Exercise requirements: Every line of the listing below should be written out exactly, minus its pictures.

Given material:
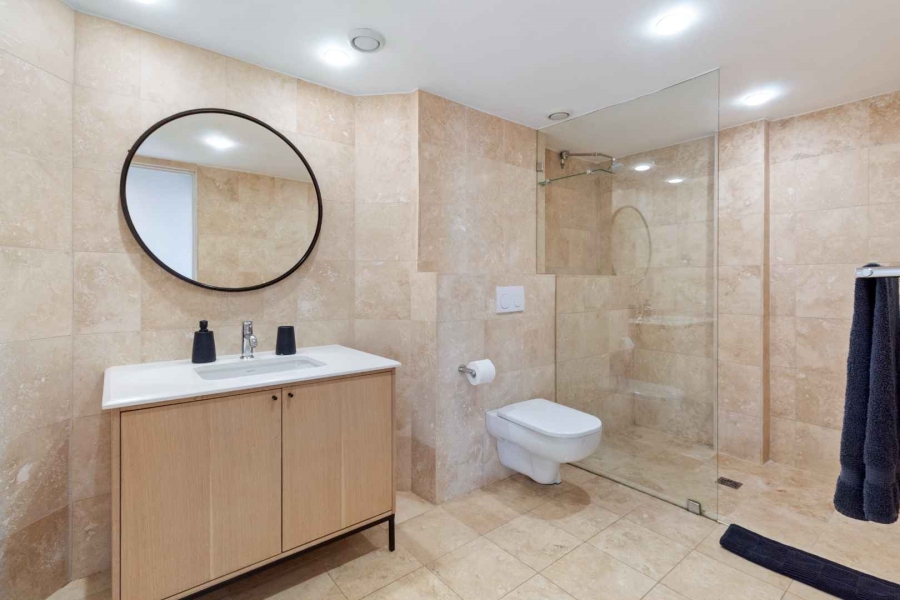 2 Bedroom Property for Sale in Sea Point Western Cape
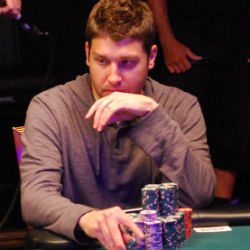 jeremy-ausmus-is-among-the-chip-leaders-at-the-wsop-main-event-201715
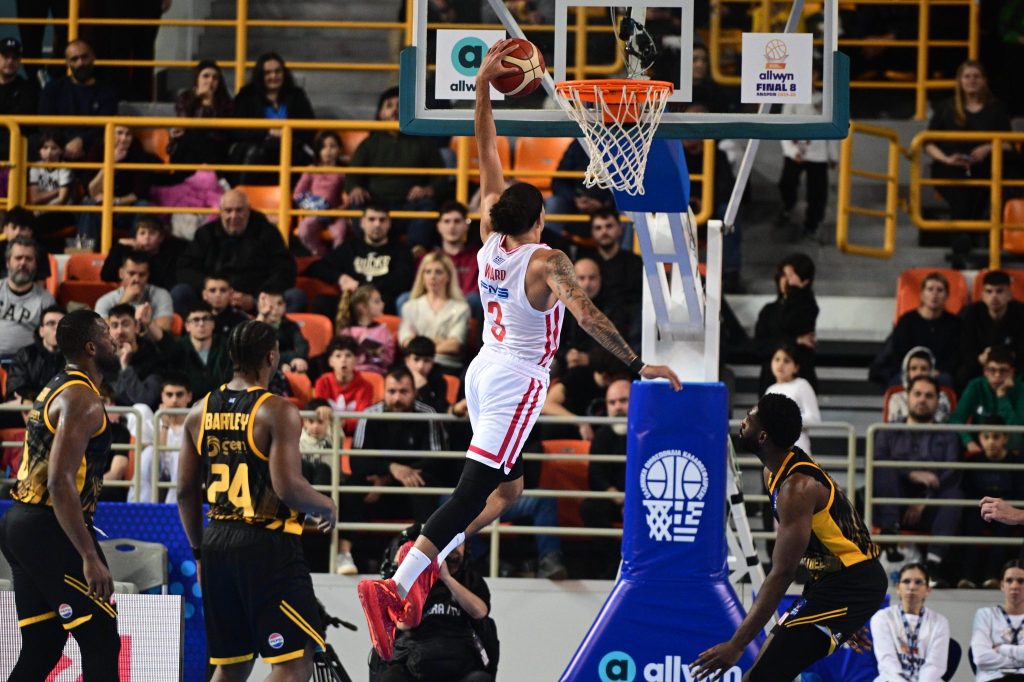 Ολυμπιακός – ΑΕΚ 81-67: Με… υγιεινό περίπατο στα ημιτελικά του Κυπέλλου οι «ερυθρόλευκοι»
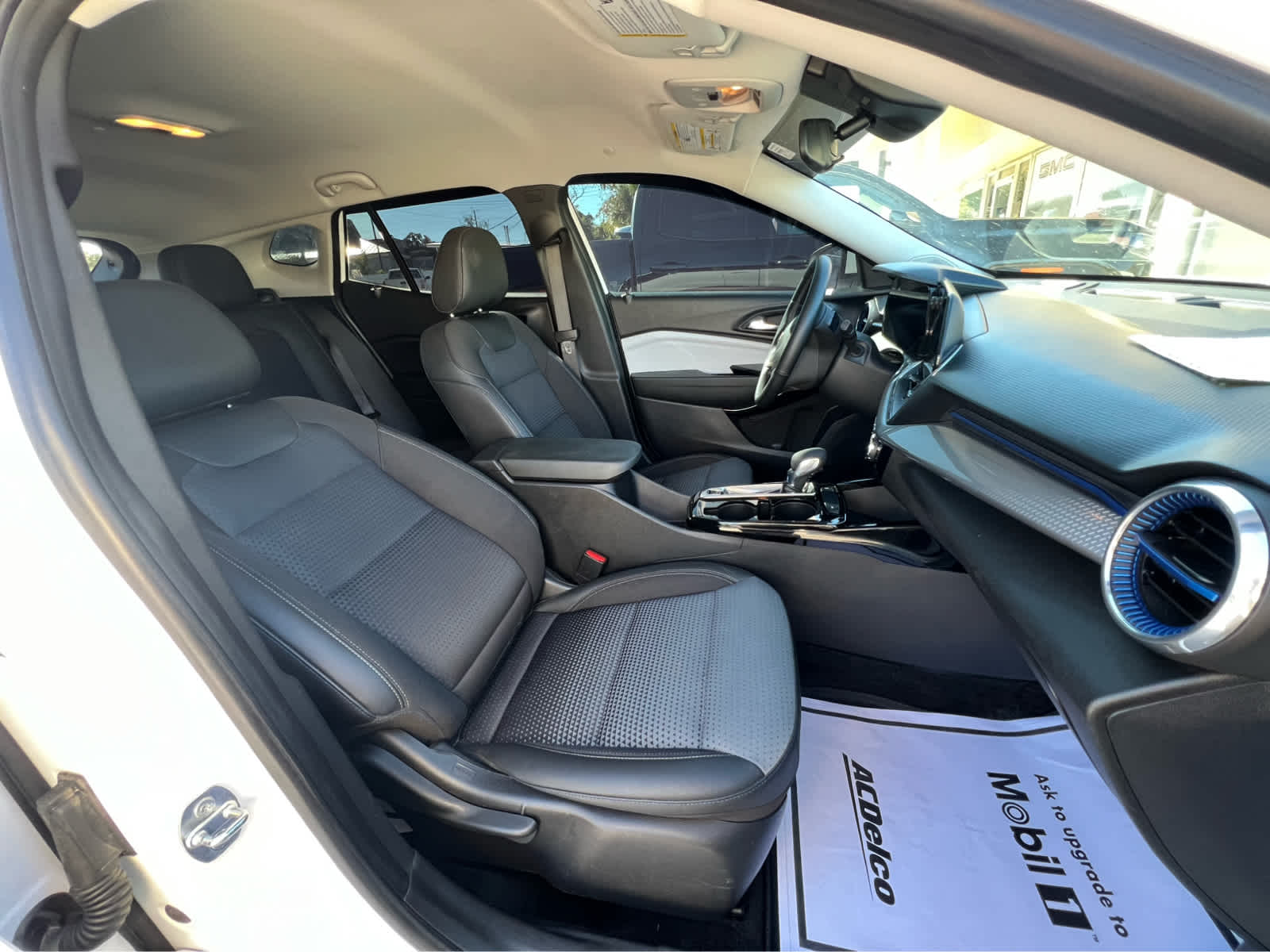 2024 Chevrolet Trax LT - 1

Response box:
 2 Bedroom Property for Sale in Sea Point Western Cape
 jeremy-ausmus-is-among-the-chip-leaders-at-the-wsop-main-event-201715
 Ολυμπιακός – ΑΕΚ 81-67: Με… υγιεινό περίπατο στα ημιτελικά του Κυπέλλου οι «ερυθρόλευκοι»
 2024 Chevrolet Trax LT - 1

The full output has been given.